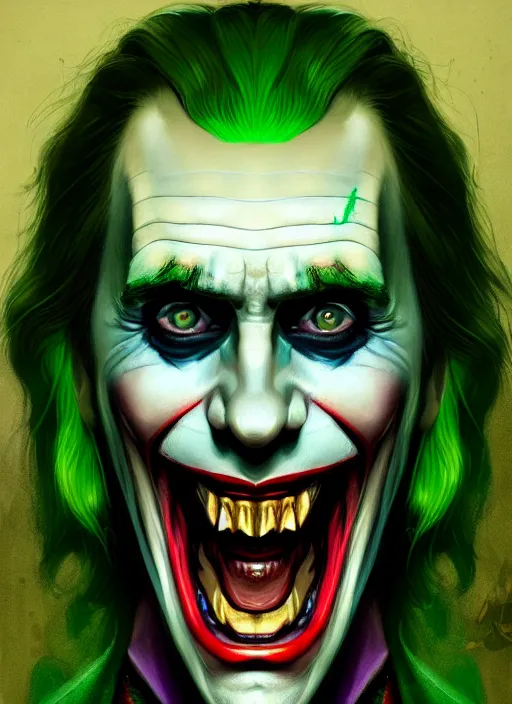 Image similar to portrait of jared leto as the joker, green hair, intricate, elegant, glowing lights, highly detailed, digital painting, artstation, concept art, sharp focus, illustration, art by wlop, mars ravelo and greg rutkowski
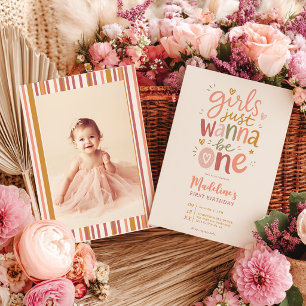 Girls Just Wanna Be One 1st Birthday Photo Retro Invitation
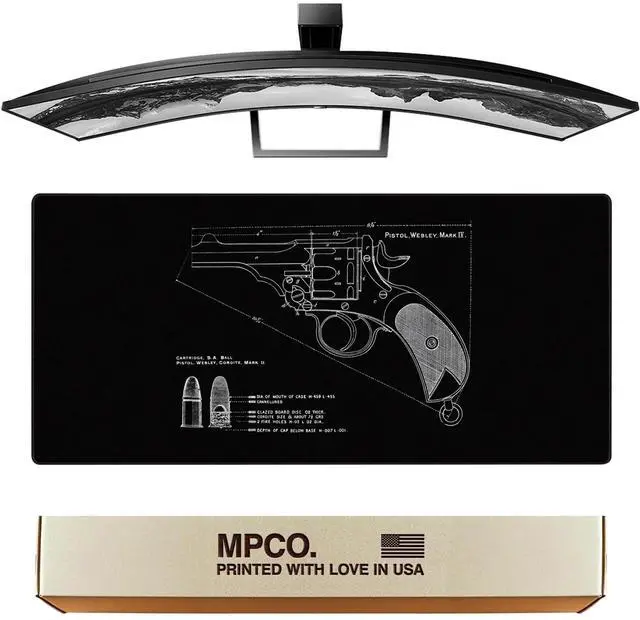 Main image of MPCO. Blueprints Large Gaming Desk Pad - 36" x 17" Aeroglyde Fabric Pistol Webly Mark IV  Black Desk Mats - Non-Slip, Washable, Smooth Glide for Precision Gaming & Work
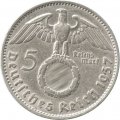 Третий Рейх 5 рейхсмарок 1937 год (D)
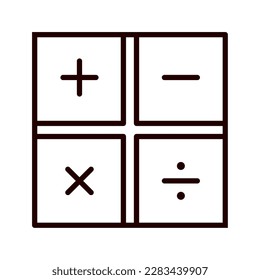 math signs line icon isolated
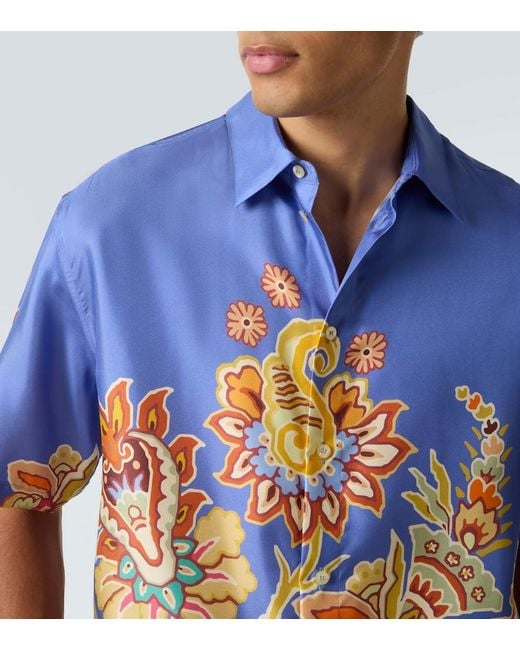 Etro Blue Floral Silk Bowling Shirt for men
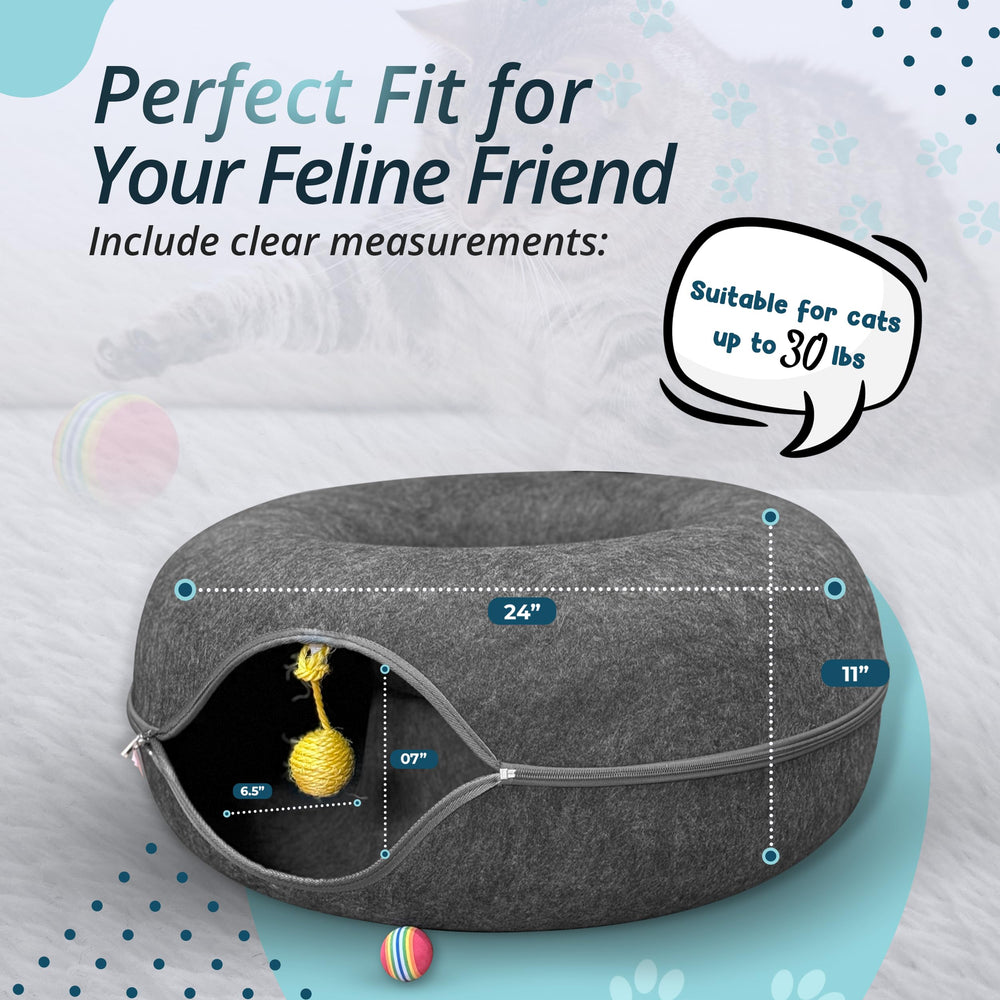 MeowMates Peekaboo tunnel bed doubles as scratch-friendly play.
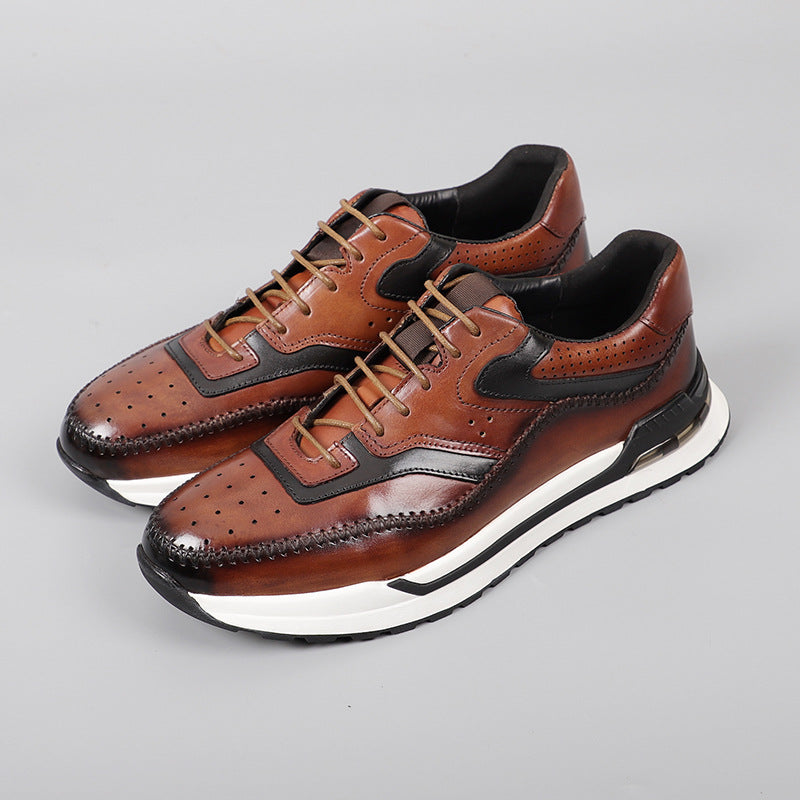 Men’s Cowhide Leather Sneakers | Cushioned & Comfort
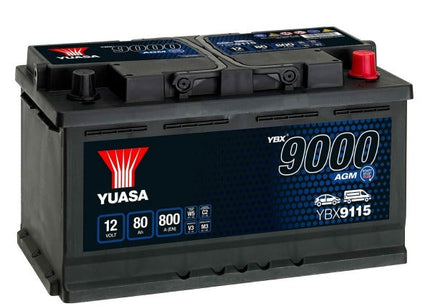 YBX9115 YUASA AGM START STOP CAR BATTERY 12V 80AH 800A 115-Powerland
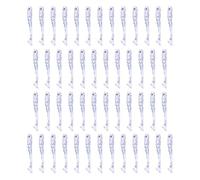 50Pcs Silver Soft Plastic Lures T-Tail Grub Worm Baits Fish Tackle Accessories Ideal for Trapping Bass Trout Salmon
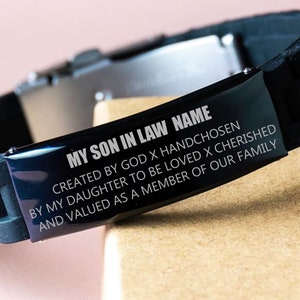 Personalized MY Son In Law Christmas Gifts Son-in-law Gifts For Son In Law Engraved Bracelet Laser For Son In Law Gifts Idea,Black Bracelet image 2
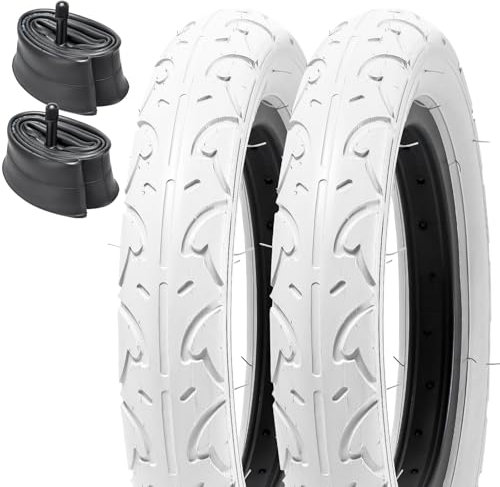 12 1/2 Weiß Fahrradreifen 12 1/2x2 1/4 62-203 Kinderfahrräder Reifen und 12.5 Zoll Dicker Schlauch Schrader Ventil 32mm, passend für 12.5x2.25 Stroller/City/Roller/Rennrad Fahrrad Reifen (2-PCS)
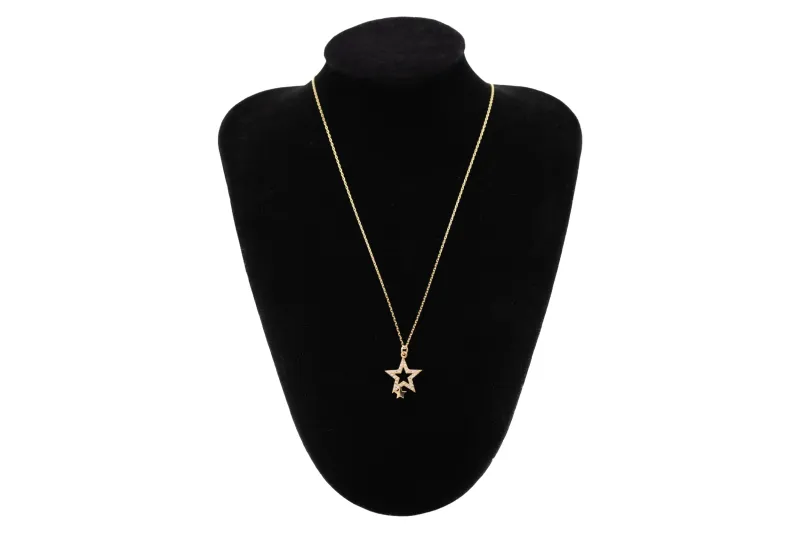 14ct Yellow Gold Cubic Zirconia Star Necklace 18" 2.45g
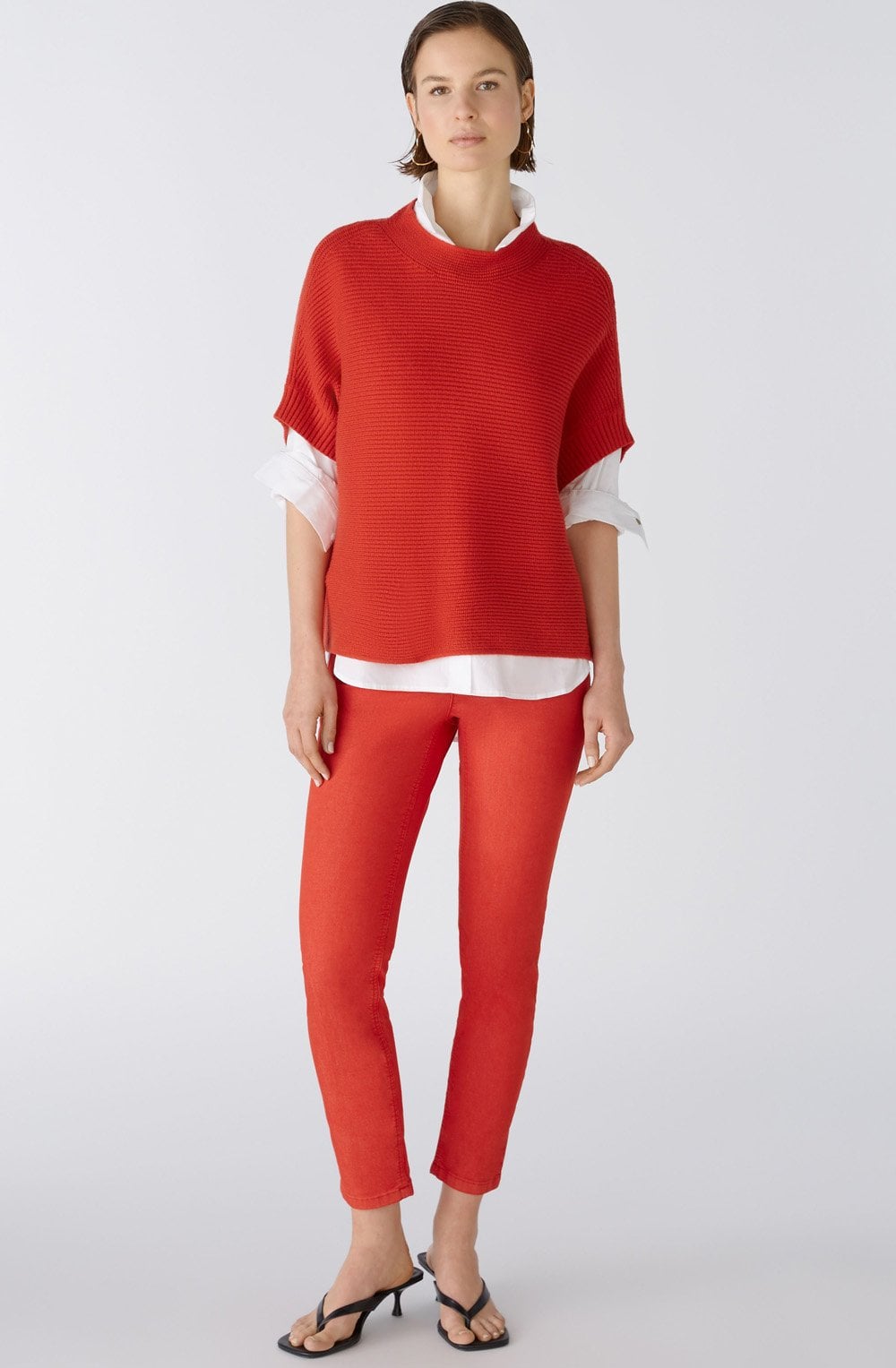 Aura Orange Red Poncho Style Jumper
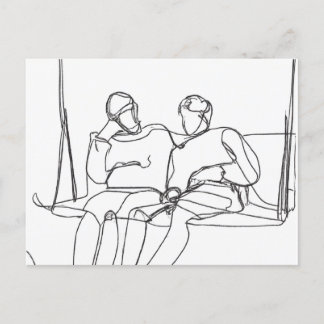 Lovers on a Swing Postcard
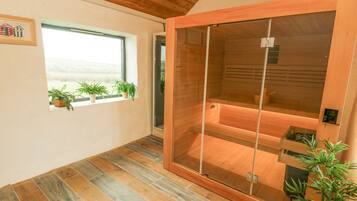 A sauna room with a wooden sliding door, a window with plants, and a tiled floor.
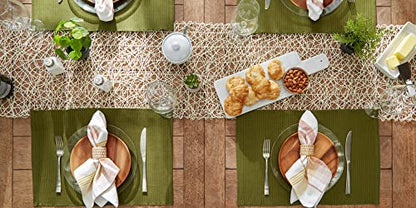 DII Basic Everyday Ribbed Tabletop 100% Cotton, Placemat Set, 13x19, Sage, 6 Piece - color: Vineyard Green, size: 13x19"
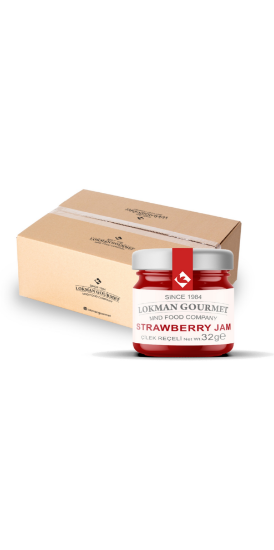 Lokman Gourmet Organik Çilek Reçeli Cam Kavanoz 32 gr x 50 Adet resmi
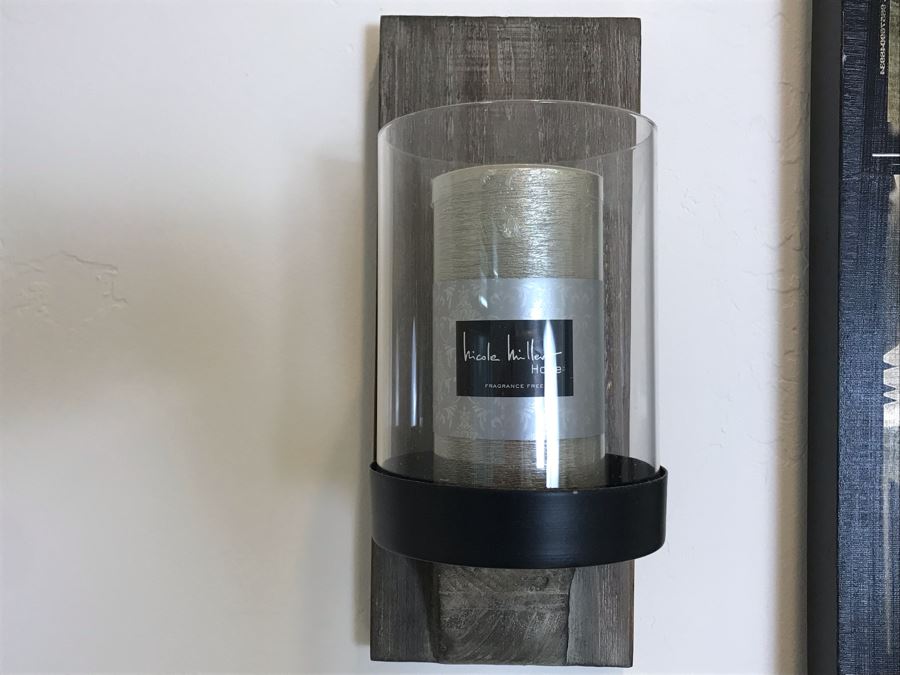 Pair Of Wall Sconces Candle Holders (Does Not Include Surfing Print) [Photo 3]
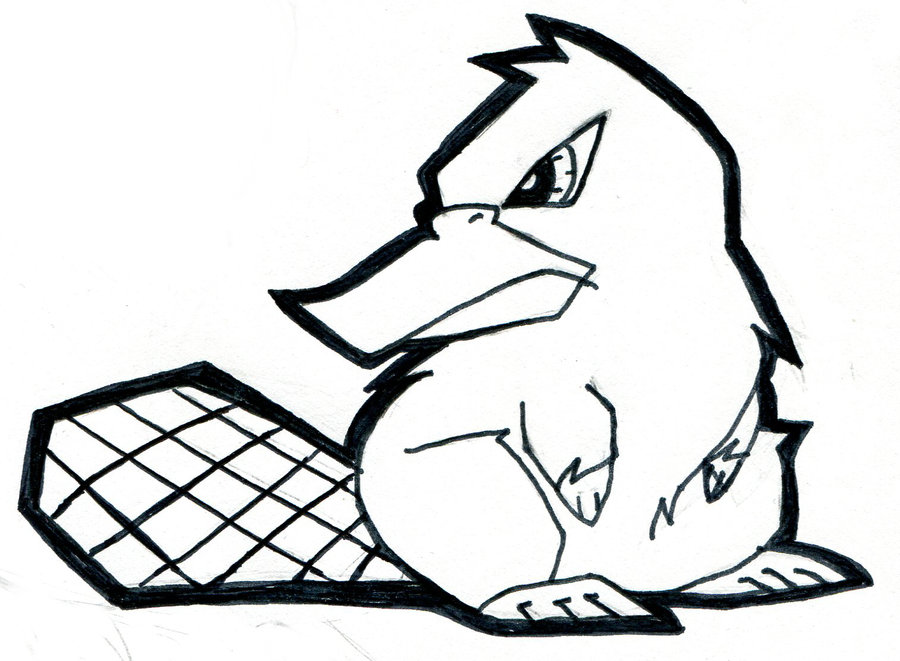 platypus cartoon black and white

###

How to complete this task — Transcribe, from the material above, the stretch starting at the line with "A sauna room" and ending at the line with "Pair Of Wall", both included, exactly. Do not carry over pictures.

Completed task —
 A sauna room with a wooden sliding door, a window with plants, and a tiled floor.
 DII Basic Everyday Ribbed Tabletop 100% Cotton, Placemat Set, 13x19, Sage, 6 Piece - color: Vineyard Green, size: 13x19"
 Lokman Gourmet Organik Çilek Reçeli Cam Kavanoz 32 gr x 50 Adet resmi
 Pair Of Wall Sconces Candle Holders (Does Not Include Surfing Print) [Photo 3]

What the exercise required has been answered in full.